El fuego de ese ataque cobarde fue resistido por el blindaje de la nave y la oportuna reacción de la escolta presidencial, de la misma manera como las instituciones democráticas, acorazadas por la fuerza de su legitimidad, han hecho frente a los embates de quienes, infiltrados en la protesta social; quisieron socavar las bases de nuestro Estado de derecho.
Más allá del repudio y la condena masiva que han desatado estas acciones extremistas, el país unido alrededor de sus autoridades debe ponerse en pie para acompañar a la administración de justicia, a las Fuerzas Armadas y a la institucionalidad para mantener incólume la estabilidad del país y de su economía en estos momentos complejos.
No hay duda de que acciones como el ataque contra el jefe del Estado y el atentado terrorista ocurrido contra la brigada del Ejército en Cúcuta, punta de lanza del combate contra las disidencias de las Farc, el ELN y las mafias del narcotráfico, hacen parte de un plan preconcebido con intenciones siniestras.
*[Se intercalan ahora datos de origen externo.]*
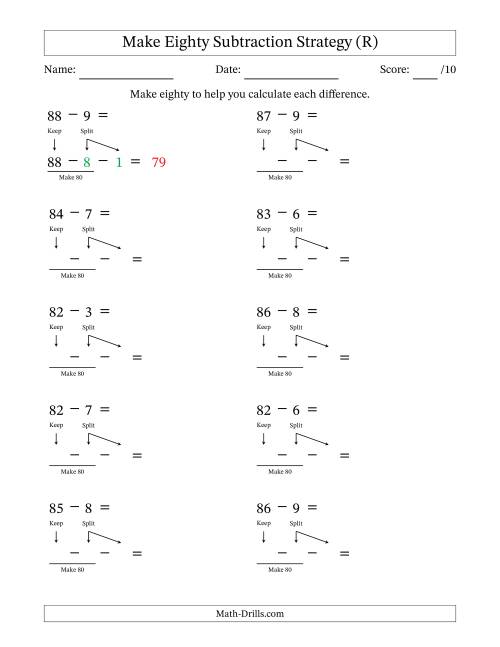 The Make Eighty Subtraction Strategy (R) Math Worksheet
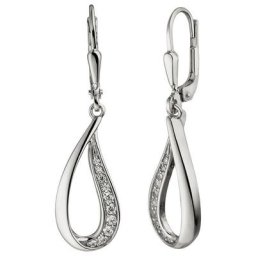 JOBO Paar Ohrhänger Tropfen, 925 Silber mit 20 Zirkonia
Pero también es cierto que la nación, los gremios y la sociedad civil se han plantado con vigor contra la violencia y no permitirán que sigan proliferando las narrativas de la violencia.
Resulta dramático y paradójico a la vez, que el atentando se ha producido cuando el mandatario nacional y sus dos ministros y el gobernador regresaran de una misión en el Catatumbo profundo donde el Estado busca establecer una presencia, cada vez más vigorosa y activa, para contrarrestar con acciones sociales las causas de las violencias que buscar tomarse ese territorio estratégico para sus intereses.
Si hasta ahora los llamados a la unidad nacional no han sido suficientemente escuchados, lo ocurrido allí y los hechos luctuosos que han soportado otras regiones y las principales ciudades, asediados por vectores que ponen en vilo la convivencia pacífica, debe ser motivo -más que suficiente- para convocar un esfuerzo colectivo de largo aliento, capaz de proteger los activos de nuestra democracia.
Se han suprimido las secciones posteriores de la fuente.